### Assignment
Reproduce the data exactly as given, except for any images.

### Material provided
[Start of Attachment]

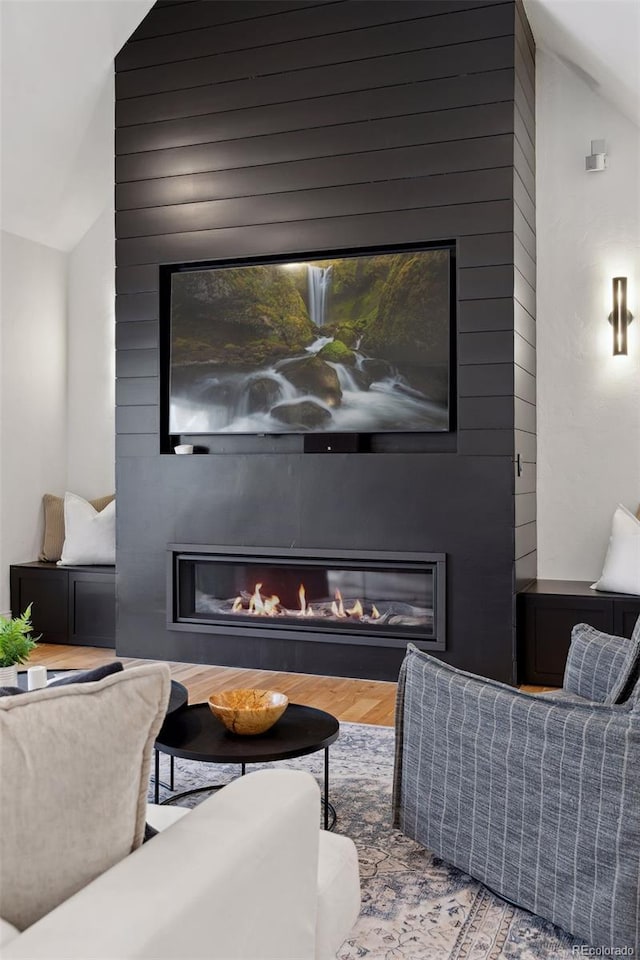 living room featuring wood-type flooring, lofted ceiling, and a fireplace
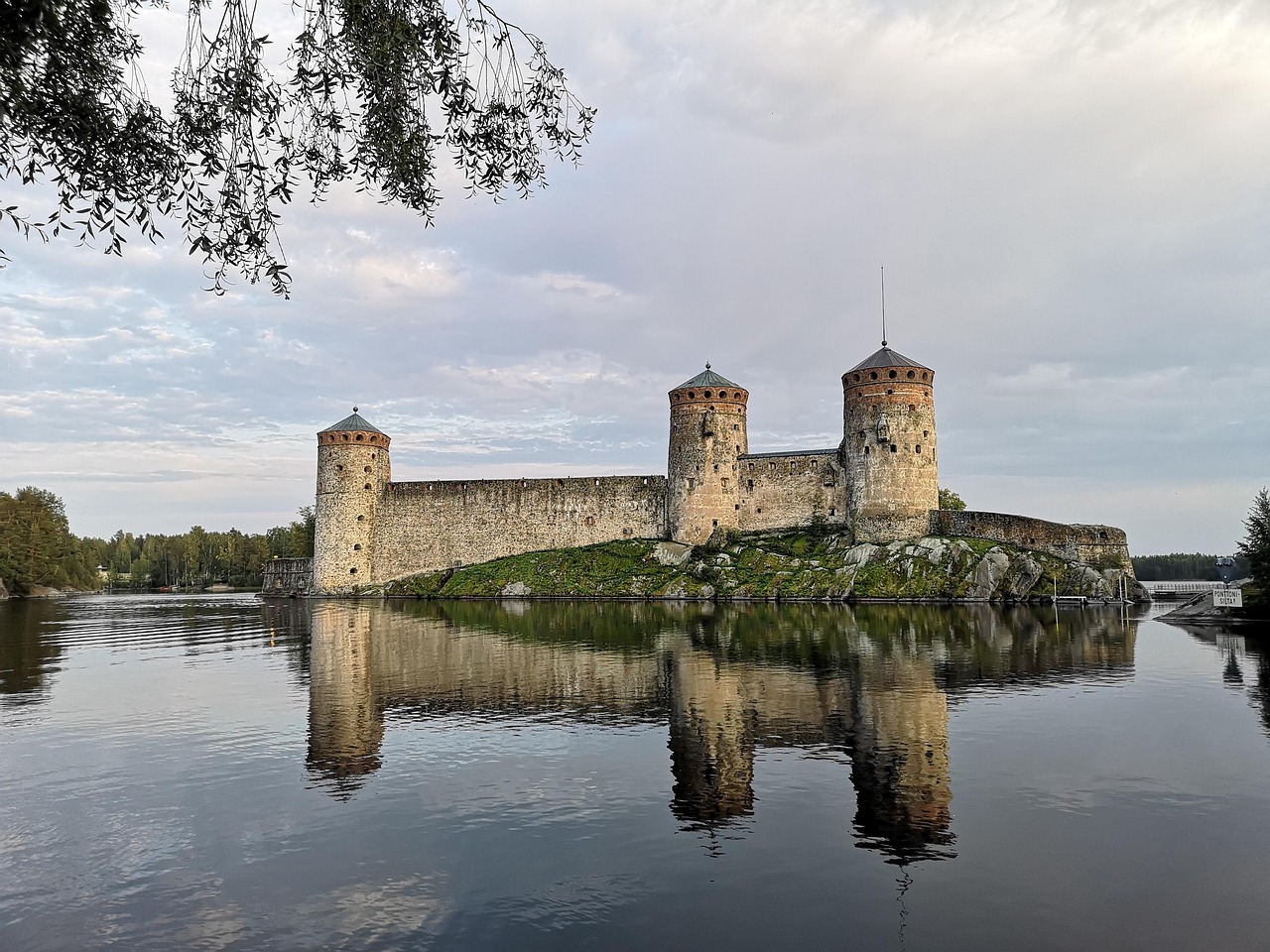 Olavinlinna on Savonlinnan suosituin vierailukohde.
Kivinen linnoitus kolmella tornilla heijastuu järvessä, taustalla pilvinen taivas ja riippuva puunoksisto.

[End of Attachment]

### Reply to the task
 living room featuring wood-type flooring, lofted ceiling, and a fireplace
 Olavinlinna on Savonlinnan suosituin vierailukohde.
Kivinen linnoitus kolmella tornilla heijastuu järvessä, taustalla pilvinen taivas ja riippuva puunoksisto.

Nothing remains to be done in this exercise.